On October 23, 2017, inventor and patent-holder Evolutionary Intelligence LLC (EI) will file a petition for writ of certiorari at the Supreme Court in Evolutionary Intelligence, LLC v. Sprint Nextel et al., appealing the Federal Circuit’s affirmance of a lower court’s invalidity decision under Section 101.
EI’s case is of substantial import to all inventors and patent holders, and the company is requesting amicus support. I hope readers will consider joining the fight.
A Federal Circuit panel affirmed the District Court’s decision to invalidate Evolutionary Intelligence’s patents, then denied a petition for rehearing and rehearing en banc. This despite EI’s having won several IPR challenges made by Apple, Twitter, and Yelp.
The positions are outlined in this Request for Amicus Support. Briefs would be due on or around Nov. 22. Your notice to opponents would be due on or around Nov. 10.

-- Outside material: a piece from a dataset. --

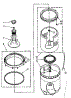 Agitator, Basket And Tub Parts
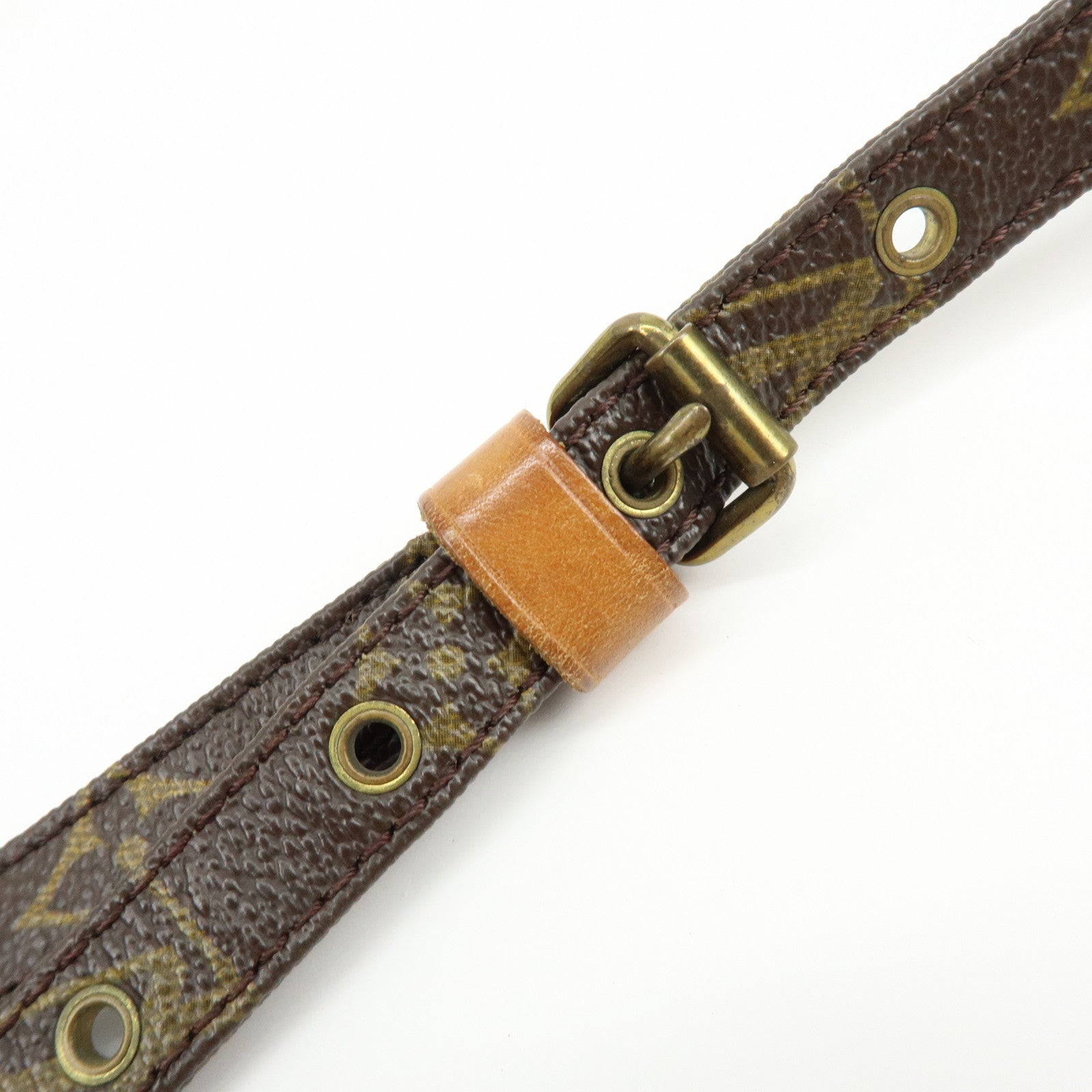 Louis Vuitton Monogram Mini Amazone Shoulder Crossbody Bag Brown M45238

Here is the District Court Decision holding EI’s patents not eligible, and the Federal Circuit Decision affirming the district court. Here are US Patent No. 7010536 and US Patent No. 7702682. Here’s the PTAB Decision upholding U.S. Patent No. 7010536.
Since Alice, district courts have invalidated hundreds of patents on the pleadings. Such cancellations offer patent-holders no opportunity for fact-finding, claim-construction briefing, or any of the other usual protections offered in patent litigation. The result is significant devaluation of patent portfolios.
Evolutionary Intelligence v. Sprint Nextel concerns artificial intelligence inventions, directed to dynamically optimizing mobile search results and notifications according to spans of time and physical movements through space.
For example, the invention enables a person standing in a particular spot at, say, 7:00 am to know immediately the five closest restaurants currently serving breakfast. While this feature seems common now, the record shows this was “groundbreaking” when the patents were filed.